Stored data =
┄┄┄┄┄┄
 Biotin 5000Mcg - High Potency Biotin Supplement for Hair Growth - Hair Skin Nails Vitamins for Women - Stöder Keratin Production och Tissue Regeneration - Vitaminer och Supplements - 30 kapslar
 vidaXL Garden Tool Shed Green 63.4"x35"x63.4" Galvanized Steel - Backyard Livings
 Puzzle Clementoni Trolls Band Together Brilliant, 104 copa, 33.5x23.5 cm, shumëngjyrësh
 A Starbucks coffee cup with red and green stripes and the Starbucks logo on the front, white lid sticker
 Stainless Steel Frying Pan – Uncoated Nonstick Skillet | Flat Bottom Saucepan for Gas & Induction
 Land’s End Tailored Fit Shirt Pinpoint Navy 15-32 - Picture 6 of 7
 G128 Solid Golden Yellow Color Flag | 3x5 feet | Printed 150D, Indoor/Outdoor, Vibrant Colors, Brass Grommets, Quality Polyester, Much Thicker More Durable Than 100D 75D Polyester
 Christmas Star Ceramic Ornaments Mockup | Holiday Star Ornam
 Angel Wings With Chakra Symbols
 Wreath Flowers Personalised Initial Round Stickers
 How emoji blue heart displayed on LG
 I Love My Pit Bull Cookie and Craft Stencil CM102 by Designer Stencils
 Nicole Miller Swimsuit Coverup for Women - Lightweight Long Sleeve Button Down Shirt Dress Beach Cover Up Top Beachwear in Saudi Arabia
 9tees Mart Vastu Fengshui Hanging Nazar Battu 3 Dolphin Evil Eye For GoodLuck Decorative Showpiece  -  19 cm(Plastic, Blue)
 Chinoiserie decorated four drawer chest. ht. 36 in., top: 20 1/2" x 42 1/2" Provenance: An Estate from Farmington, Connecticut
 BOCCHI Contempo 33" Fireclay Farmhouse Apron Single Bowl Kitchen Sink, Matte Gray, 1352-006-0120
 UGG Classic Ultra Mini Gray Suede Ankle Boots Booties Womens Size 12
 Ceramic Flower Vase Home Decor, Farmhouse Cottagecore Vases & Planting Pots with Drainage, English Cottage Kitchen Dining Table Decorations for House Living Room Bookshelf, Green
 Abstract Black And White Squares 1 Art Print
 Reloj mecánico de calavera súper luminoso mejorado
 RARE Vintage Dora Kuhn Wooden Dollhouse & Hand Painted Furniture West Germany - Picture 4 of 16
┄┄┄┄┄┄
PROBLEM = Reproduce all of the records precisely. No word may differ.

EXPECTED ANSWER =
 Biotin 5000Mcg - High Potency Biotin Supplement for Hair Growth - Hair Skin Nails Vitamins for Women - Stöder Keratin Production och Tissue Regeneration - Vitaminer och Supplements - 30 kapslar
 vidaXL Garden Tool Shed Green 63.4"x35"x63.4" Galvanized Steel - Backyard Livings
 Puzzle Clementoni Trolls Band Together Brilliant, 104 copa, 33.5x23.5 cm, shumëngjyrësh
 A Starbucks coffee cup with red and green stripes and the Starbucks logo on the front, white lid sticker
 Stainless Steel Frying Pan – Uncoated Nonstick Skillet | Flat Bottom Saucepan for Gas & Induction
 Land’s End Tailored Fit Shirt Pinpoint Navy 15-32 - Picture 6 of 7
 G128 Solid Golden Yellow Color Flag | 3x5 feet | Printed 150D, Indoor/Outdoor, Vibrant Colors, Brass Grommets, Quality Polyester, Much Thicker More Durable Than 100D 75D Polyester
 Christmas Star Ceramic Ornaments Mockup | Holiday Star Ornam
 Angel Wings With Chakra Symbols
 Wreath Flowers Personalised Initial Round Stickers
 How emoji blue heart displayed on LG
 I Love My Pit Bull Cookie and Craft Stencil CM102 by Designer Stencils
 Nicole Miller Swimsuit Coverup for Women - Lightweight Long Sleeve Button Down Shirt Dress Beach Cover Up Top Beachwear in Saudi Arabia
 9tees Mart Vastu Fengshui Hanging Nazar Battu 3 Dolphin Evil Eye For GoodLuck Decorative Showpiece  -  19 cm(Plastic, Blue)
 Chinoiserie decorated four drawer chest. ht. 36 in., top: 20 1/2" x 42 1/2" Provenance: An Estate from Farmington, Connecticut
 BOCCHI Contempo 33" Fireclay Farmhouse Apron Single Bowl Kitchen Sink, Matte Gray, 1352-006-0120
 UGG Classic Ultra Mini Gray Suede Ankle Boots Booties Womens Size 12
 Ceramic Flower Vase Home Decor, Farmhouse Cottagecore Vases & Planting Pots with Drainage, English Cottage Kitchen Dining Table Decorations for House Living Room Bookshelf, Green
 Abstract Black And White Squares 1 Art Print
 Reloj mecánico de calavera súper luminoso mejorado
 RARE Vintage Dora Kuhn Wooden Dollhouse & Hand Painted Furniture West Germany - Picture 4 of 16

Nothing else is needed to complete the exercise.